• _What is expected_: Exclude the pictures, then repeat exactly each line from the one containing "ルエ(rue)&nbsp;『" to the final line of the records that follow.

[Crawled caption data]
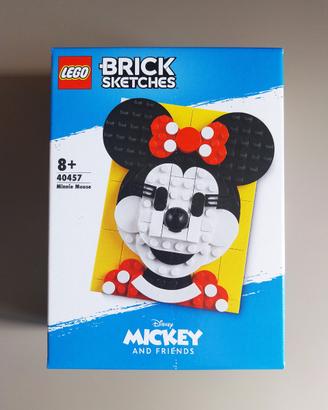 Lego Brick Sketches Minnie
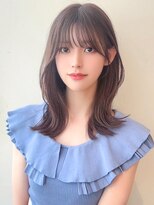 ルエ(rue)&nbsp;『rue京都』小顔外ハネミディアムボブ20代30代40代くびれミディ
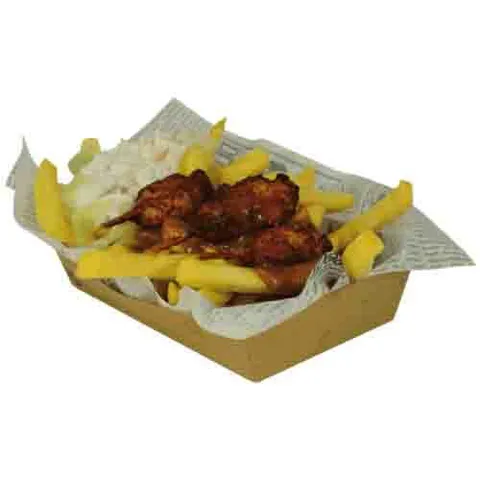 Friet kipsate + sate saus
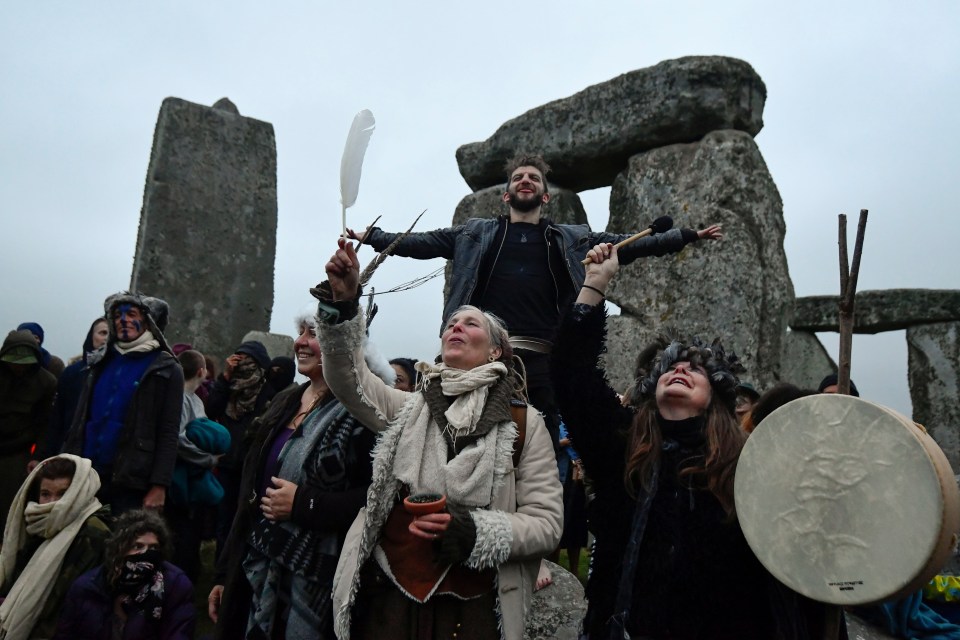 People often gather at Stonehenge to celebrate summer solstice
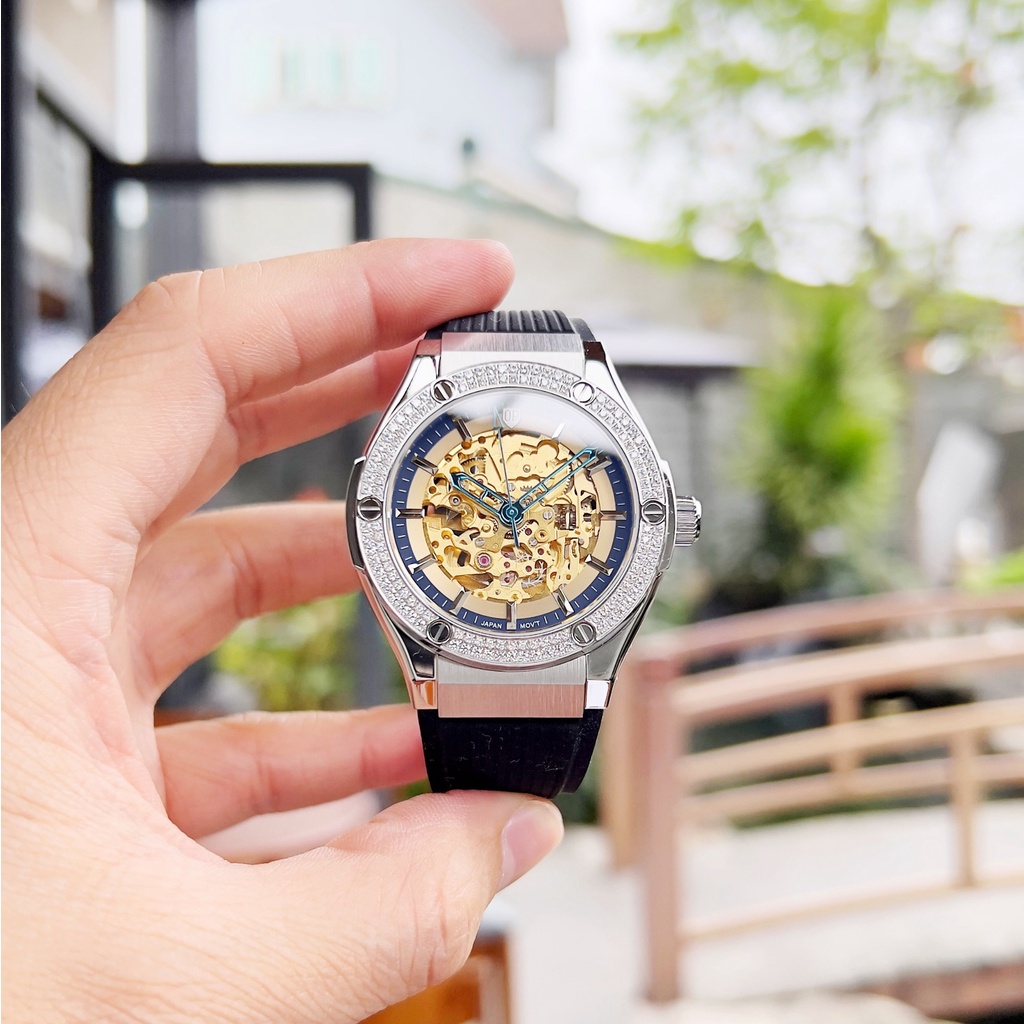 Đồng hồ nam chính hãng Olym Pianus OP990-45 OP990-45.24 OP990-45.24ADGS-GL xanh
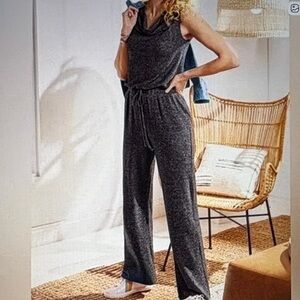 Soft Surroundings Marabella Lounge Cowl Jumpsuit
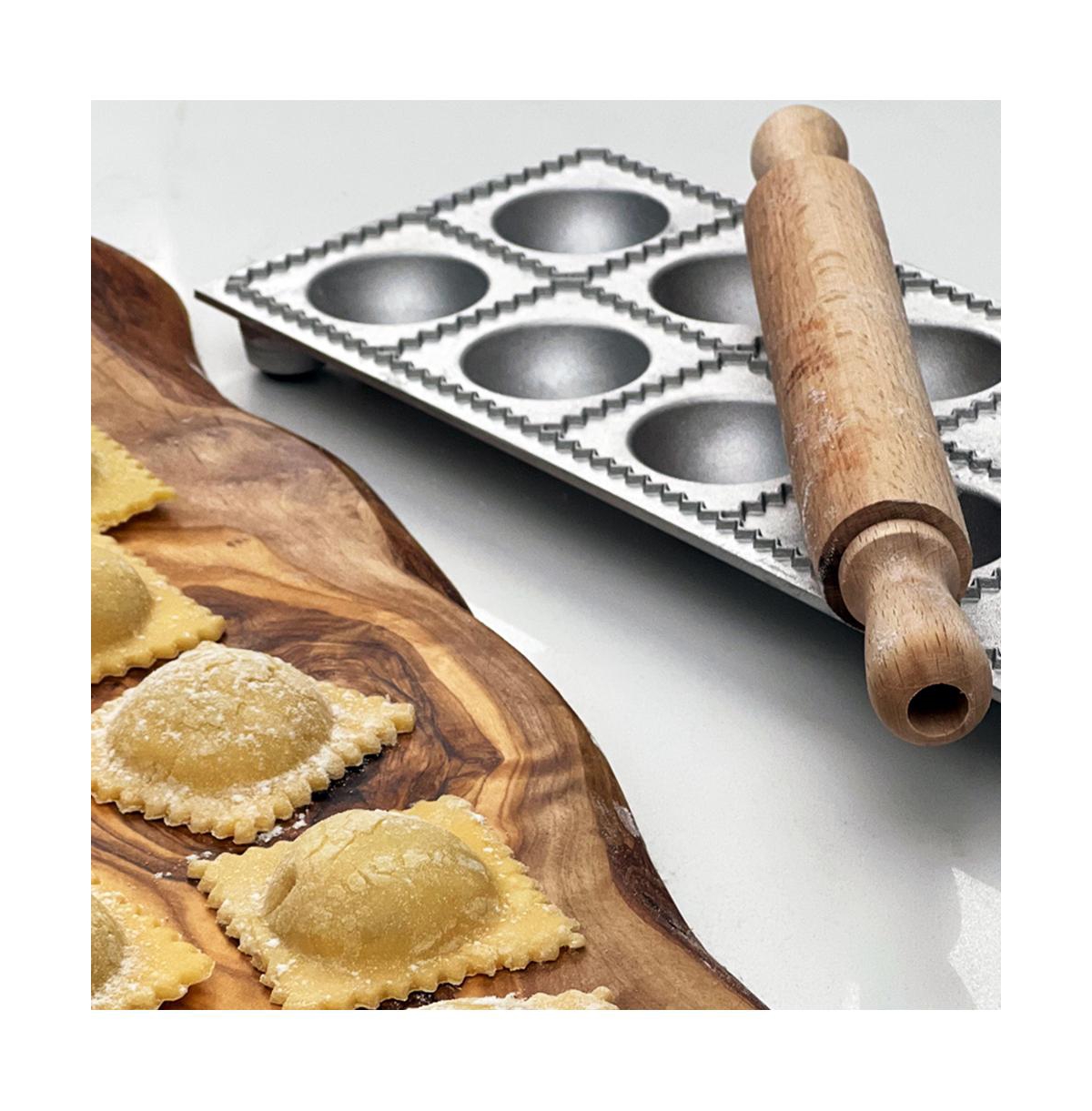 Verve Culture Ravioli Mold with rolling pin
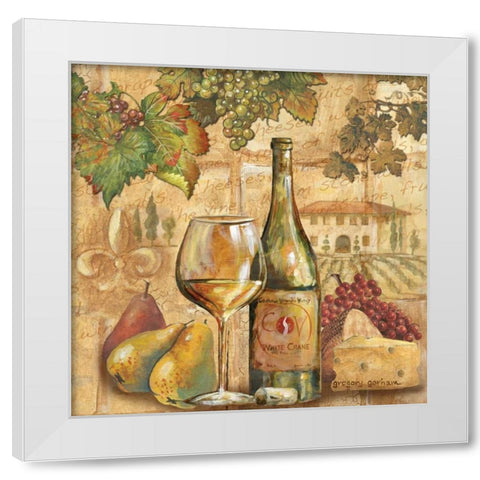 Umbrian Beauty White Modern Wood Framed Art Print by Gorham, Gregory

• _Answer section_:
 ルエ(rue)&nbsp;『rue京都』小顔外ハネミディアムボブ20代30代40代くびれミディ
 Friet kipsate + sate saus
 People often gather at Stonehenge to celebrate summer solstice
 Đồng hồ nam chính hãng Olym Pianus OP990-45 OP990-45.24 OP990-45.24ADGS-GL xanh
 Soft Surroundings Marabella Lounge Cowl Jumpsuit
 Verve Culture Ravioli Mold with rolling pin
 Umbrian Beauty White Modern Wood Framed Art Print by Gorham, Gregory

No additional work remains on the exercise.